This lesson is from the unit on Probability: Possible Outcomes.
I love probability, so I'm really looking forward to further exploring all that probability has to offer.
And we're going to be starting in this lesson with outcome trees.
So, let's have a look at those now.
By the end of today's lesson, you'll be able to systematically find all the possible outcomes for two events by using an outcome tree diagram.
So we've got a few key phrases today.
Tree diagrams. Now tree diagrams are a representation used to model statistical or probability questions and branches represent different possible events or outcomes.
Each branch of an outcome tree shows a possible outcome from an event or from a stage of a trial.
The full outcome tree shows all possible outcomes.
A sample space is all the possible outcomes of a trial.
And a sample space diagram is a systematic way of producing a sample space.
So you might hear those words mentioned today in our lesson, and when you do, if you are a little concerned about them or you don't quite remember what they mean, feel free to pause the video and come back to this part so that you can refresh your memory.
Our lesson today has three parts to it, and we're going to begin by considering outcome trees for two-stage trials.
So spinners one and two will both be spun once.
Let's list all the possible outcomes.
So it could be AB, AB, AC, or if we got a B on spinner one, then it could be BA BB, BC.
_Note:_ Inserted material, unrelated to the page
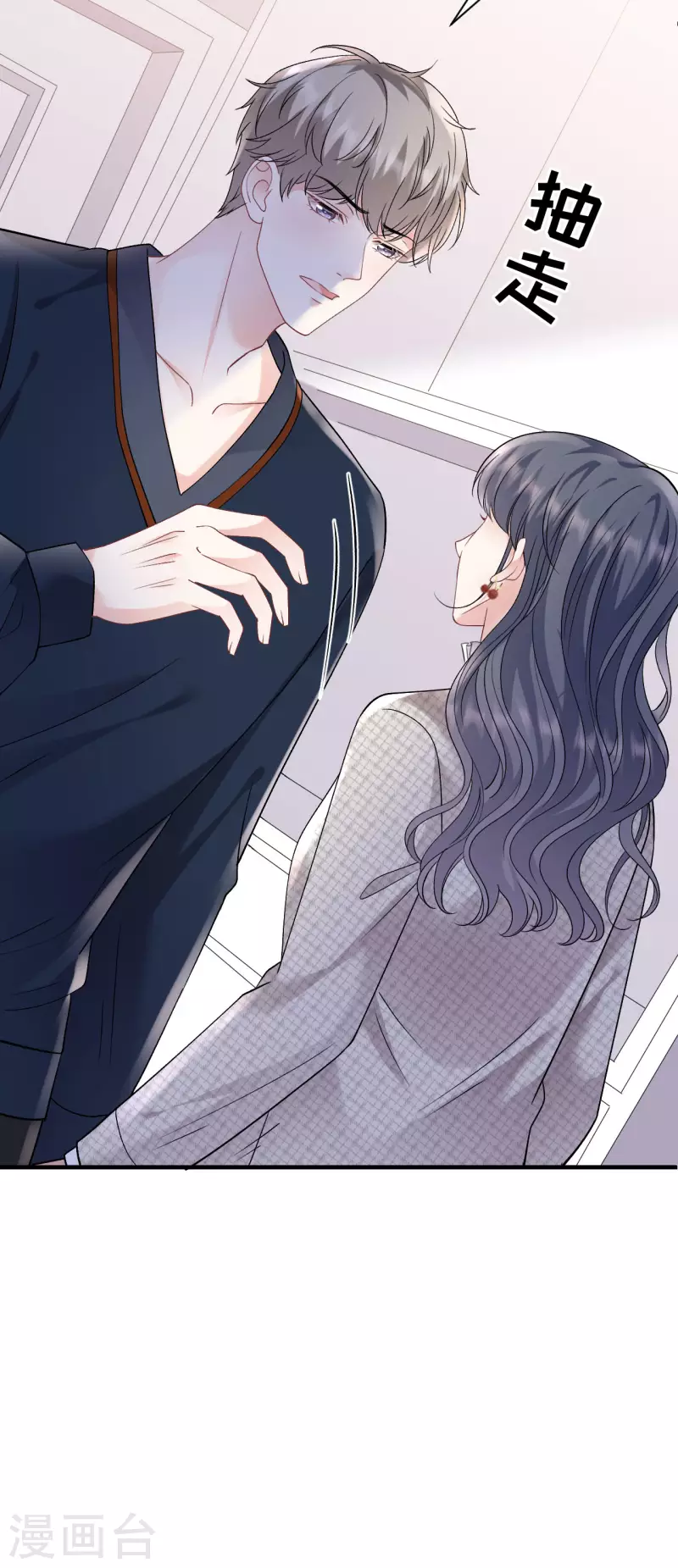 第154话 把孩子打掉-第156话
Sofia says, "I wish there was a way of making sure I've listed all the outcomes from this trial." Now she's been systematic in how she listed them and because there's a small number of outcomes here, it's pretty clear she can be certain.
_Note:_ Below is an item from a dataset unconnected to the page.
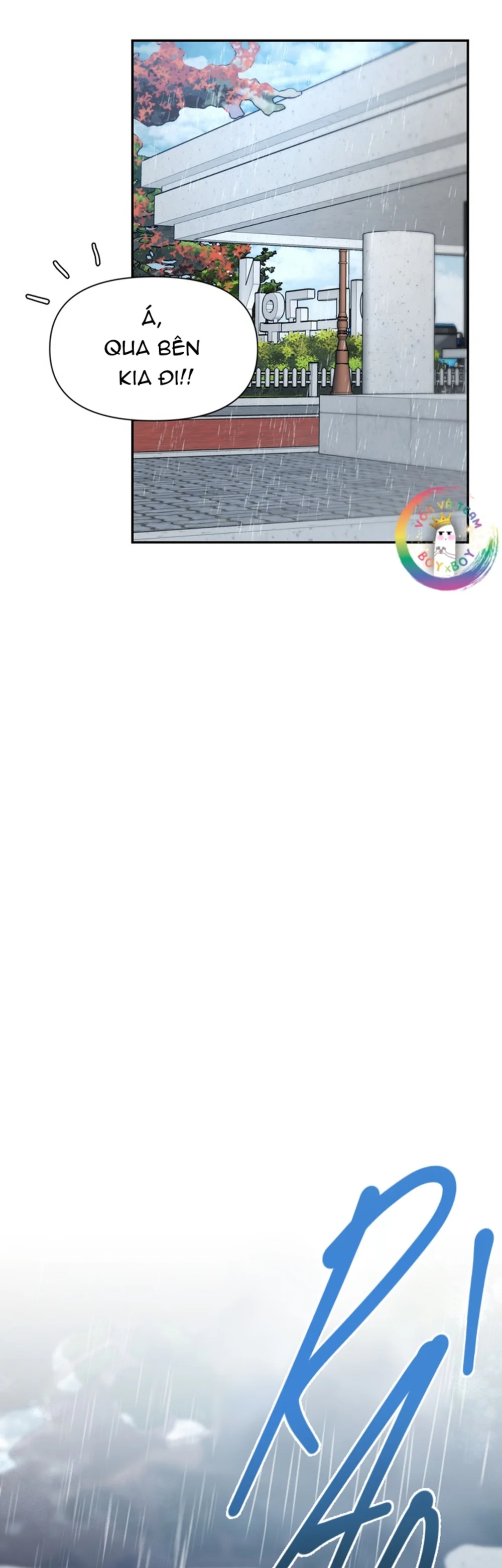 SKETCH Chapter 103 - Next Chapter 104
However, we are going to get onto the point where there are more outcomes and it might become more complicated.
So let's start with this situation where things are a little simpler and we can build out from there.
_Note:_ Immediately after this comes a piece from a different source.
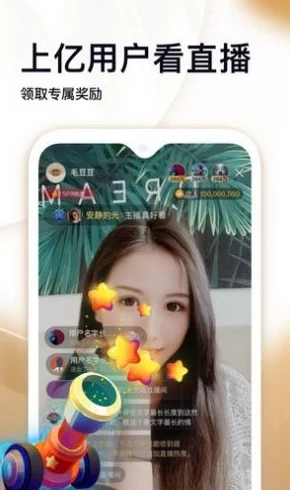 久久精品一区二区免费看高清资源持续更新流畅播放体验等你来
So Jun says, "I know you can use a two-way table, but let's break it down even more." And an outcome tree helps show the outcomes of a trial and we can treat an outcome tree as a timeline of possible outcomes.
And this might make it easier to understand.
So we begin at the point before spinner one was even spun and we say we're going to spin spinner one.
What can happen? So we spin that spinner and the two branches I've drawn here represent the two possible things that might happen.
In other words, one branch represents one outcome and the other represents the second outcome.
So for example, I could get an A or I could get a B.
So this is the full sample space for spinner one as all outcomes of the spinner are represented.
In this scenario, spinner one landed on A.
So if we followed that branch, it tells us we spun spinner one and we got an A as our result.
Now we will spin spinner two.
What outcomes are possible from spinner two? That's right, there are three, A, B, and C.
So I could get an A or I could get a B, or I could get a C.
So can you see there are three branches here? One for each possible outcome.
So let's consider the scenario where spinner one showed B.
We're now going to spin spinner two.
What outcomes are possible from spinning spinner two? That's right, it's still A, B, and C.
So we could have A, a B or a C.
We have here for the first two branches, the outcomes from spinner one.
And then on the second set of branches we have the outcomes from spinner two.
Now they've been repeated twice, and that's because one set belongs with getting A on the first spinner and one set goes with getting B on the first spinner.
And we can see that really clearly here.
Jun says, "This is a cool set of scenarios showing what could happen." I think Jun likes how nice and clear it is.
"But where does it show the outcomes from a whole trial?" So what he means is, I spun spinner one, I spun spinner two, what was the result? Well, if we traverse or move through each possible path, we'll end up seeing all possible outcomes of this trial.
So if I follow the path I can see now, I got an A on spinner one and an A on spinner two.
So my outcome is A and A.
If I follow this path, however, the outcome is A, and then B.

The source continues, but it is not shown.